A very difficult part of brachial plexus lesions is the unexpected pain which can develop with time. Even though the nerves have been pulled out from the spinal cord connections, a chronic pain problem can develop in the area the nerves supply normally, which is the arm. As the nerves transmitting impulses to and from the spinal cord have been severed by being forcibly disconnected, the spinal cord nerves which normally receive their inputs are deprived of this. These nerves change and start transmitting signals spontaneously, generating an abnormal pain problem which can be unpleasant and persistent.

Patients typically describe the pain as shooting, crushing or burning, severe or coming on in severe spasms. This kind of pain is referred to as deafferentation pain, which refers to the rupture causing a loss of incoming (afferent) signals to the nervous system. Treatment of deafferentation pain starts with conservative measures. A pain management team specialises in these conditions and early involvement would be helpful, even admission to allow treatment to be started with a multidisciplinary approach. Many drugs can be used apart from the morphine chemicals and some may be helpful in suppressing this neuropathic pain.

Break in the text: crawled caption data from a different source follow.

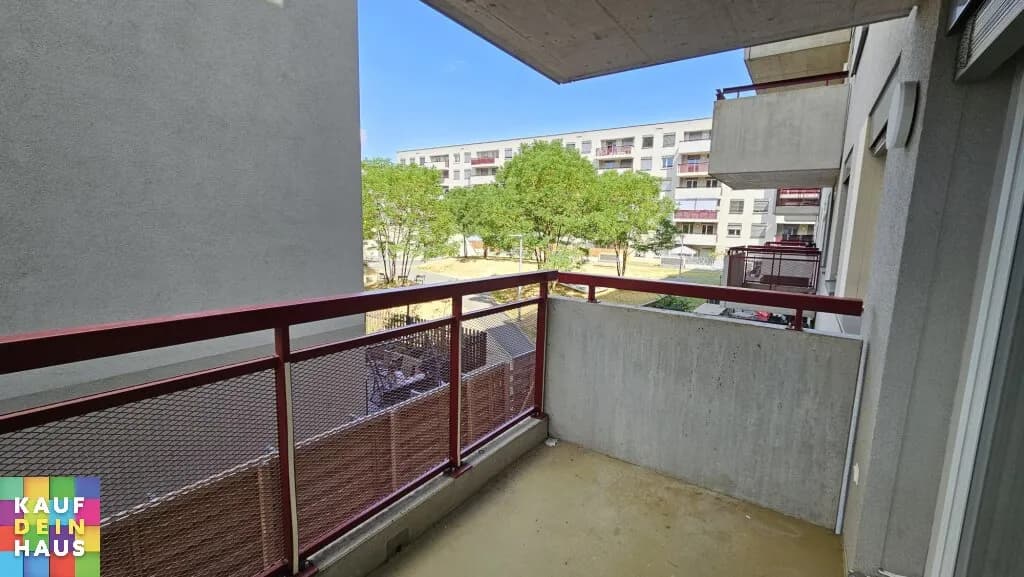 2-Zimmer-Wohnung mieten in Graz – 53 m², € 697 – Bild 1 von 7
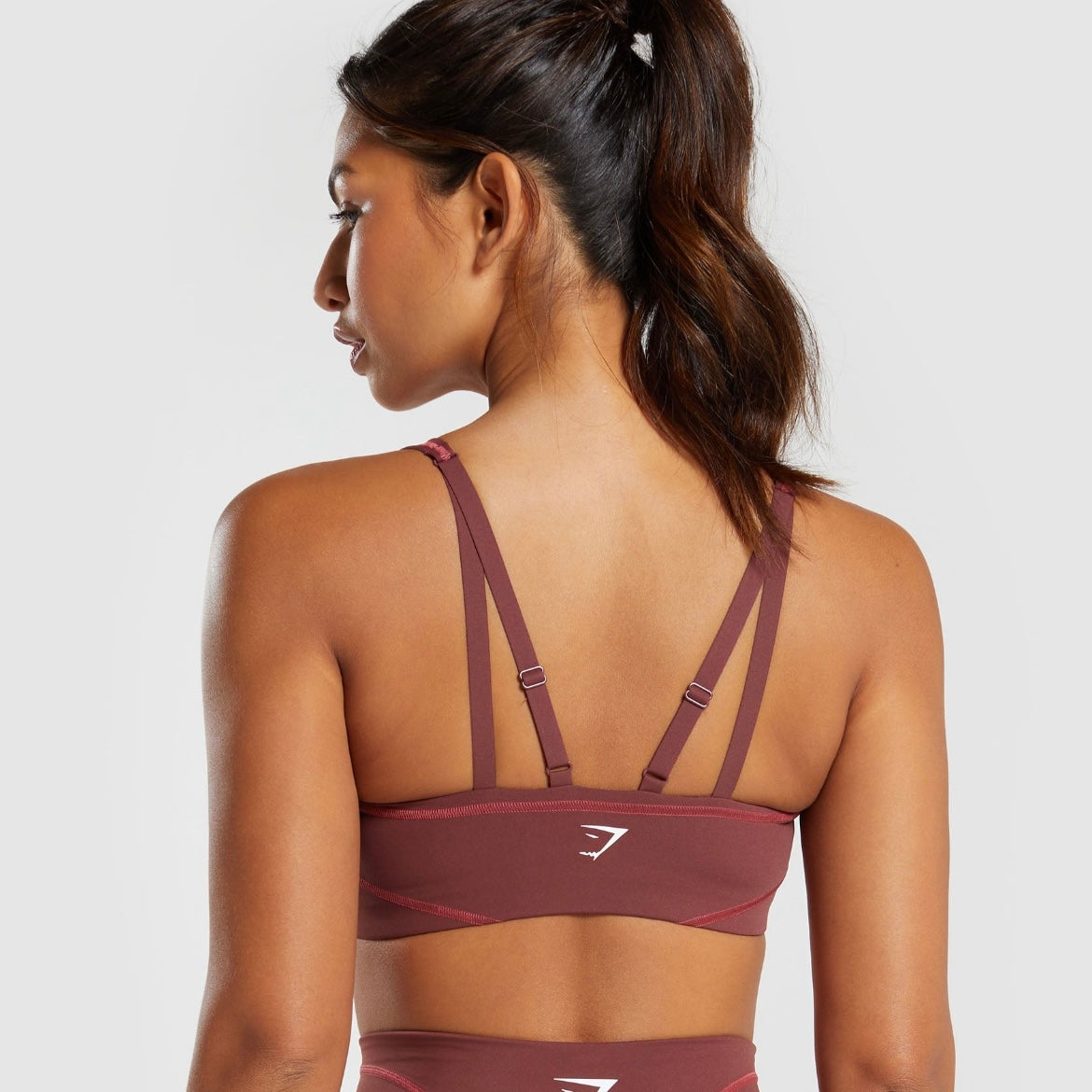 Stitch Feature Sports Bra *Pre Order*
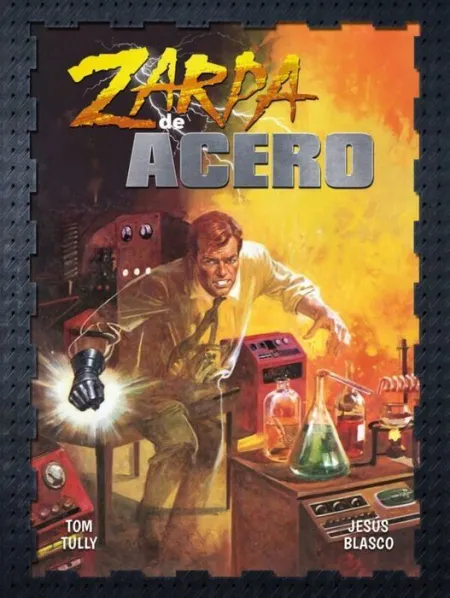 Zarpa de Acero 6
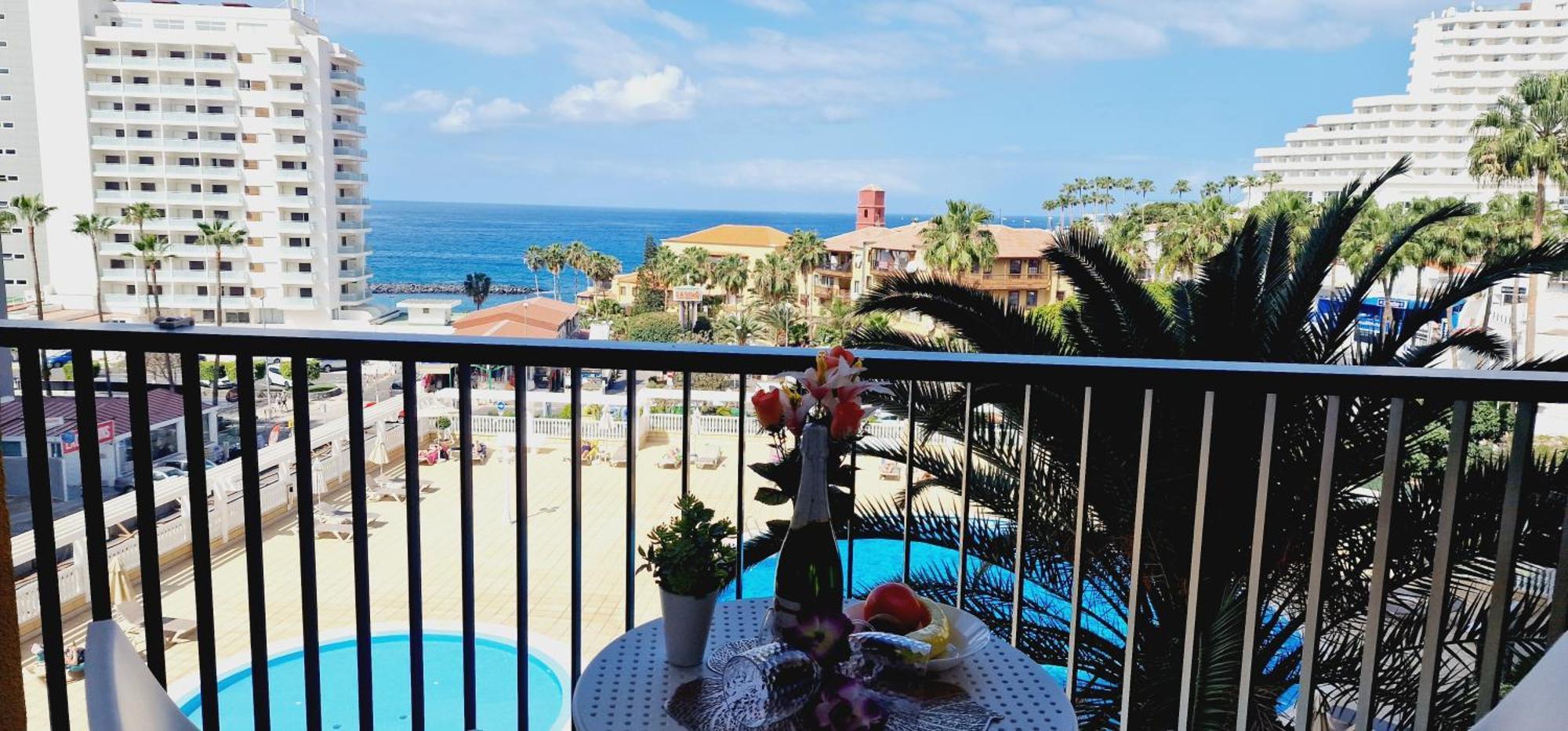 Copacabana Luxury Ocean View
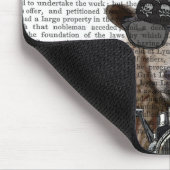 Tapis De Souris Baaad To the Bone (Coin)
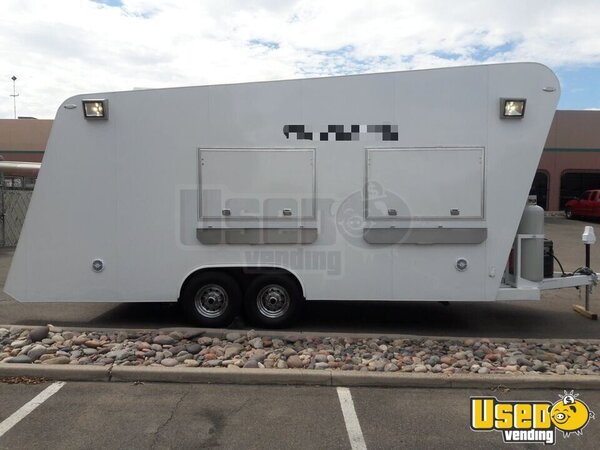 2016 Food Concession Trailer Kitchen Food Trailer Arizona for Sale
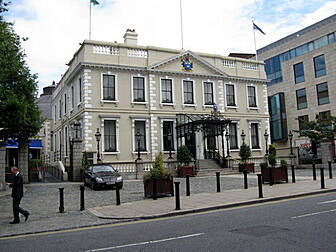 Fight for 2016 Dublin Mayor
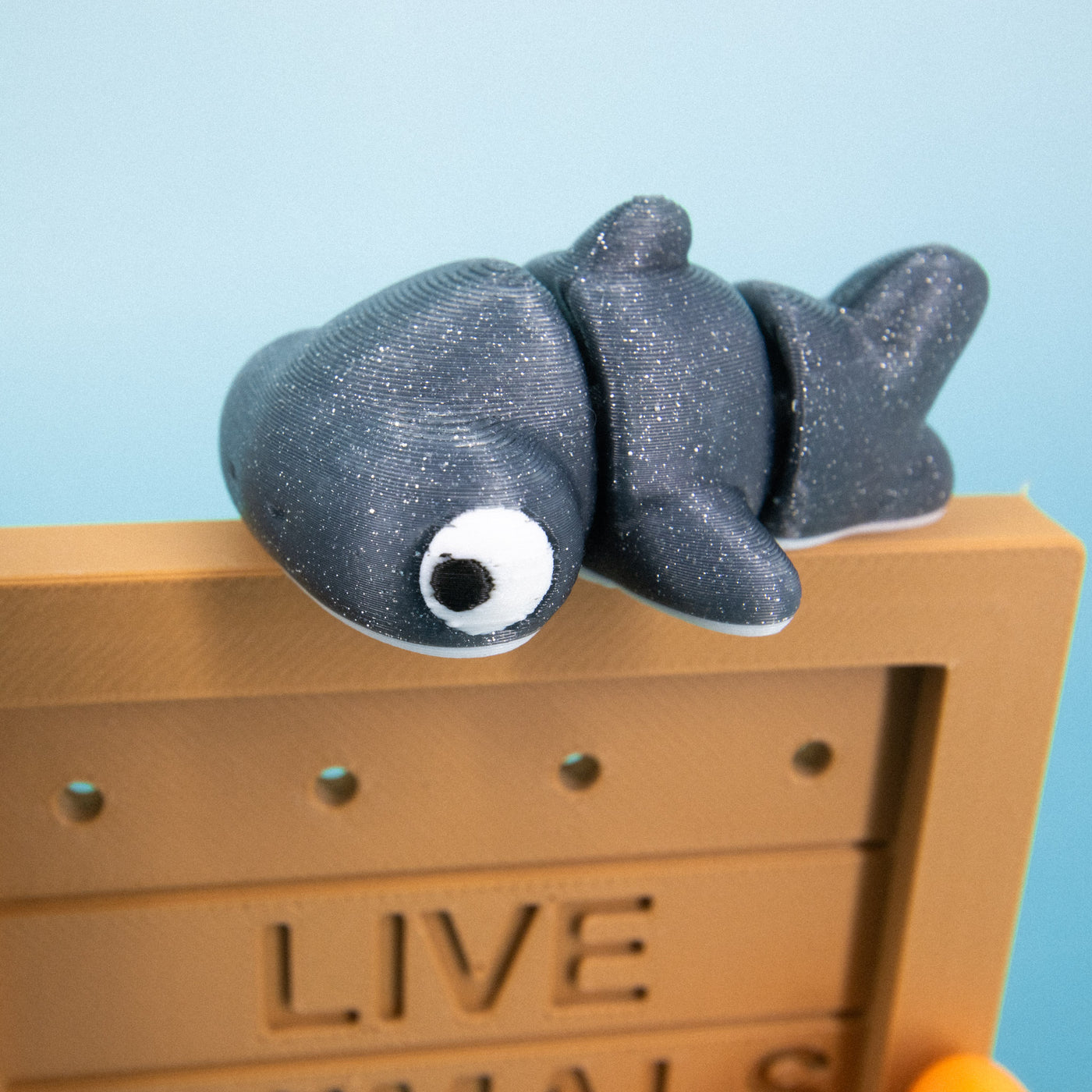 Pocket Pals: Under the Sea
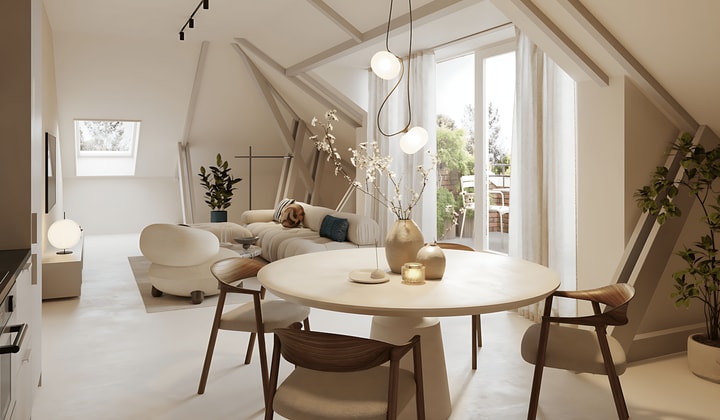 Appartement | 87m² | €1450,-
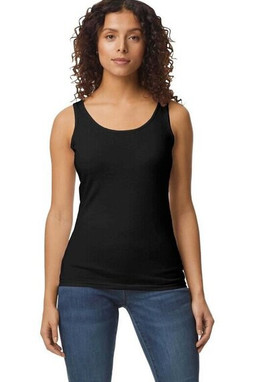 Gildan 64200L - Softstyle junior fit tank top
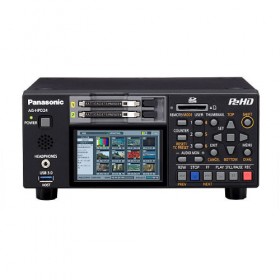 Panasonic HPD-24E Full HD P2 Recorder
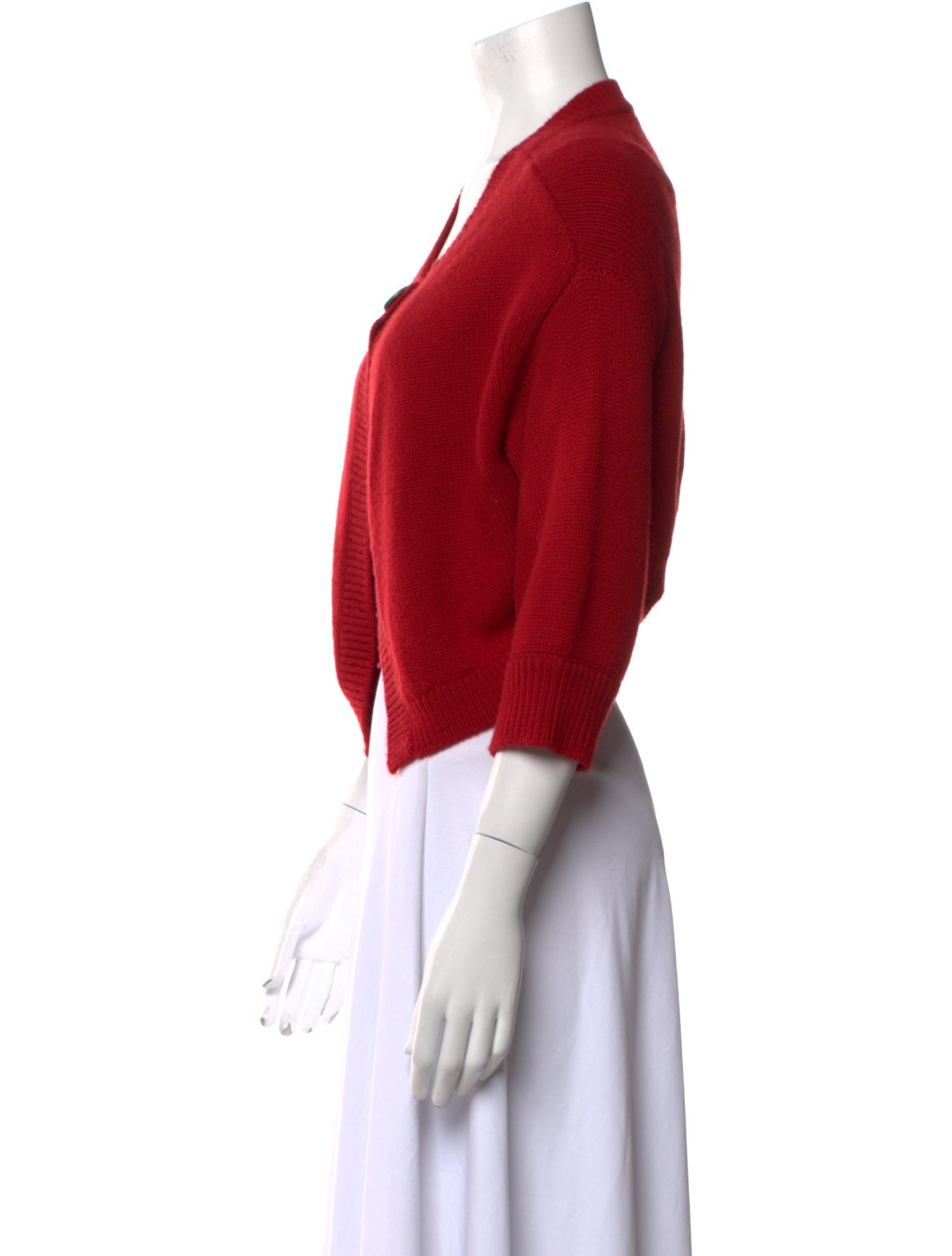 Vince Cashmere Scoop Neck Sweater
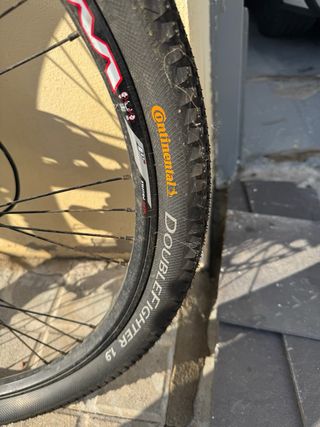 Bicicleta Momo Equinox MTB 26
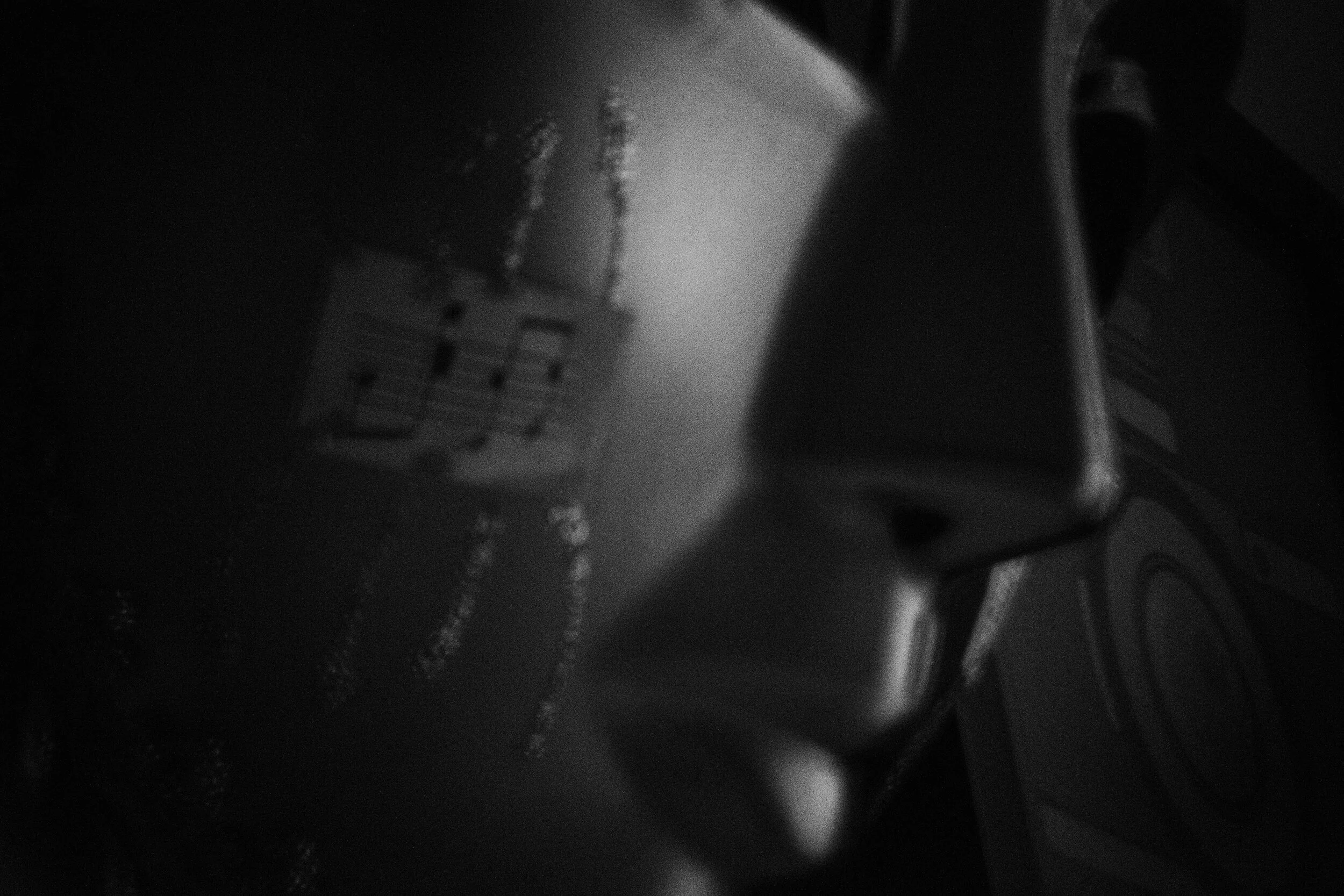 The Holga Lens Experiment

TENS, transcutaneous nerve stimulation, is a physical modality for pain control which sends signals into the spinal cord to affect the pain gating system and may be useful in some cases. It can take a long time for an effect to be forthcoming and for the best outcome to be clear. There are a list of other treatments for brachial plexus lesions, none of them with much demonstrable success, including CBT (cognitive behavioural therapy), biofeedback, acupuncture, desensitisation and hypnosis. Due to the varied nature of the presenting symptoms a multidisciplinary team is vital to manage the patient over time.

Nonoperative treatment is complex and best managed by the dedicated multidisciplinary team which might include a physiotherapist, occupational therapist, physician and orthotist. The physician can manage the diagnosis and monitor the recovery, the orthotist will provide braces to prevent joint contracture, the occupational therapist will teach functional use and the physiotherapist will maintain joint ranges and encourage normal muscle use. Surgical care is highly specialised and should be undertaken only by specialists in designated centres with experience. Because the injuries vary so greatly the choice to intervene or not and the procedures to be chosen if surgery is to be attempted are very varied.

The outcome of a brachial plexus lesion is extremely variable as the mechanism of injury is so unpredictable and the results uncertain. The type of injury, the patient's age and the surgical treatment all affect the outcome. Muscle transfers, transferring a working muscle to do the work of paralysed ones, can be useful as can sural nerve (a nerve in the leg we can manage without) grafting, with many surgeons settling on surgery between three and six months after injury. Some surgeons have attempted to replace the nerve roots into the spinal cord but the results are not yet predictable, although success would dramatically change attitudes as healing in the central nervous system has not been usefully demonstrated.

Healing nerves progress at an average speed of one millimetre a day, which in imperial is about an inch or so a month. This can mean a very long wait if the injury is high up in the neck like the brachial plexus and without a nerve supply the nerve endplates on the muscle can degenerate which means the muscle won't work even if the nerve grows down to it in time. Much research is continuing into nerve growth factors which might speed up the recovery of direct nerve repairs and later grafting.